How to import a module given its name as string?

Question

I'm writing a Python application that takes a command as an argument, for example:

$ python myapp.py command1

I want the application to be extensible, that is, to be able to add new modules that implement new commands without having to change the main application source. The tree looks something like:

myapp/
    __init__.py
    commands/
        __init__.py
        command1.py
        command2.py
    foo.py
    bar.py

So I want the application to find the available command modules at runtime and execute the appropriate one.

Python defines an __import__() function, which takes a string for a module name:

__import__(name, globals=None, locals=None, fromlist=(), level=0)

The function imports the module name, potentially using the given globals and locals to determine how to interpret the name in a package context. The fromlist gives the names of objects or submodules that should be imported from the module given by name.

Source: https://docs.python.org/3/library/functions.html#__import__

So currently I have something like:

command = sys.argv[1]
try:
    command_module = __import__("myapp.commands.%s" % command, fromlist=["myapp.commands"])
except ImportError:
    # Display error message

command_module.run()

This works just fine, I'm just wondering if there is possibly a more idiomatic way to accomplish what we are doing with this code.

Note that I specifically don't want to get in to using eggs or extension points. This is not an open-source project and I don't expect there to be "plugins". The point is to simplify the main application code and remove the need to modify it each time a new command module is added.

Answer 1

With Python older than 2.7/3.1, that's pretty much how you do it.

For newer versions, see importlib.import_module for Python 2 and Python 3.

You can use exec if you want to as well.

Or using __import__ you can import a list of modules by doing this:

>>> moduleNames = ['sys', 'os', 're', 'unittest'] 
>>> moduleNames
['sys', 'os', 're', 'unittest']
>>> modules = map(__import__, moduleNames)

Ripped straight from Dive Into Python.

Answer 2

The recommended way for Python 2.7 and 3.1 and later is to use importlib module:

importlib.import_module(name, package=None)

Import a module. The name argument specifies what module to import in absolute or relative terms (e.g. either pkg.mod or ..mod). If the name is specified in relative terms, then the package argument must be set to the name of the package which is to act as the anchor for resolving the package name (e.g. import_module('..mod', 'pkg.subpkg') will import pkg.mod).

e.g.

my_module = importlib.import_module('os.path')

Answer 3

Note: imp is deprecated since Python 3.4 in favor of importlib

As mentioned the imp module provides you loading functions:

imp.load_source(name, path)
imp.load_compiled(name, path)

I've used these before to perform something similar.

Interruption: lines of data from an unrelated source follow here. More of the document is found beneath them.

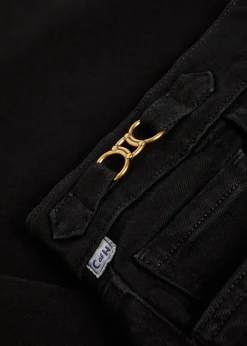 Kimberly horsebit-embellished flared-leg jeans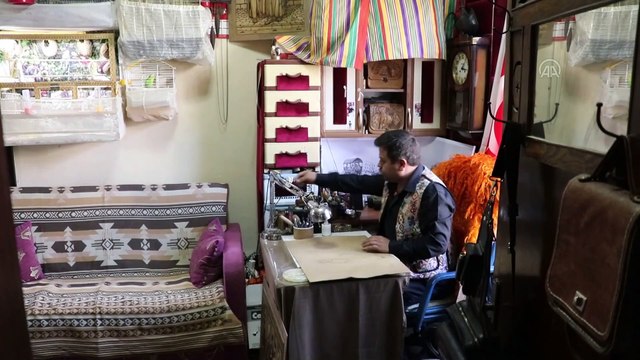 Deri işleme ustası, Türk el sanatını yaşatmaya çalışıyor - ISPARTA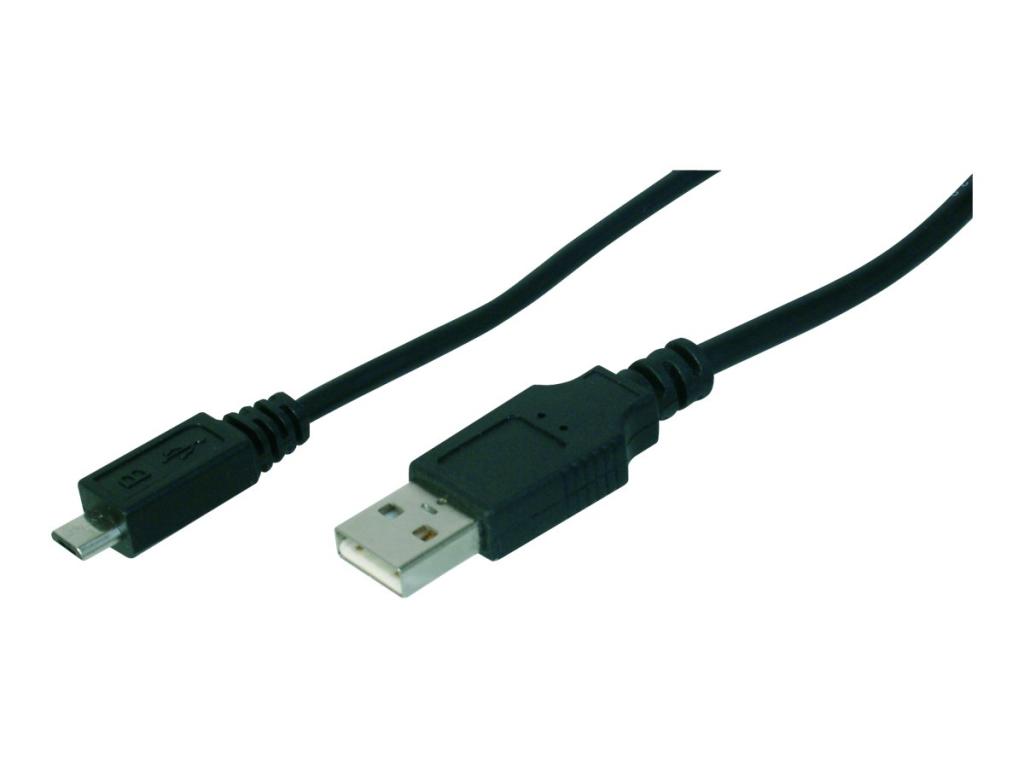 Image DIGITUS USB Anschlusskabel, Typ A - micro B, St/St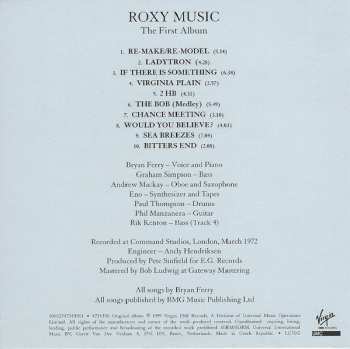 3CD/DVD/Doos Roxy Music: Roxy Music DLX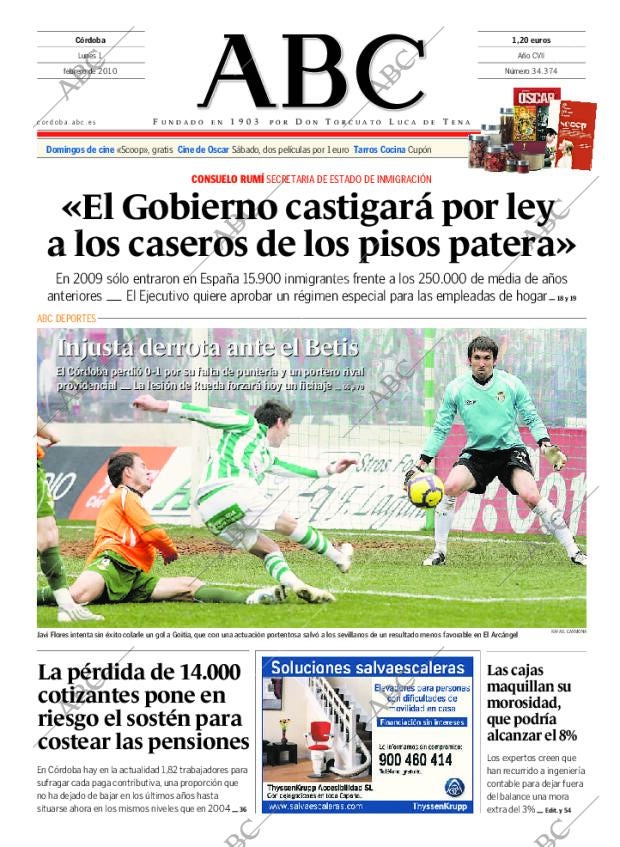 ABC CORDOBA 01-02-2010 página 1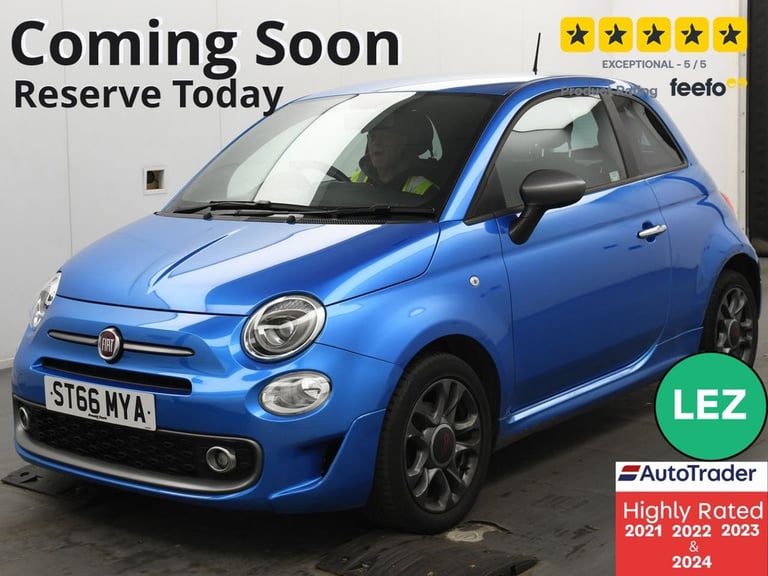 2016 Fiat 500 1.2 S Hatchback 3dr Petrol Manual Euro 6 (s/s) (69 bhp) Hatchback Petrol Manual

In my case I defined a specific class with defined methods that were required. Once I loaded the module I would check if the class was in the module, and then create an instance of that class, something like this:

import imp
import os

def load_from_file(filepath):
    class_inst = None
    expected_class = 'MyClass'

    mod_name,file_ext = os.path.splitext(os.path.split(filepath)[-1])

    if file_ext.lower() == '.py':
        py_mod = imp.load_source(mod_name, filepath)

    elif file_ext.lower() == '.pyc':
        py_mod = imp.load_compiled(mod_name, filepath)

    if hasattr(py_mod, expected_class):
        class_inst = getattr(py_mod, expected_class)()

    return class_inst

Answer 4

Nowadays you should use importlib.

Import a source file

The docs actually provide a recipe for that, and it goes like:

import sys
import importlib.util

file_path = 'pluginX.py'
module_name = 'pluginX'

spec = importlib.util.spec_from_file_location(module_name, file_path)
module = importlib.util.module_from_spec(spec)
spec.loader.exec_module(module)

# check if it's all there..
def bla(mod):
    print(dir(mod))
bla(module)

This way you can access the members (e.g, a function "hello") from your module pluginX.py -- in this snippet being called module -- under its namespace; E.g, module.hello().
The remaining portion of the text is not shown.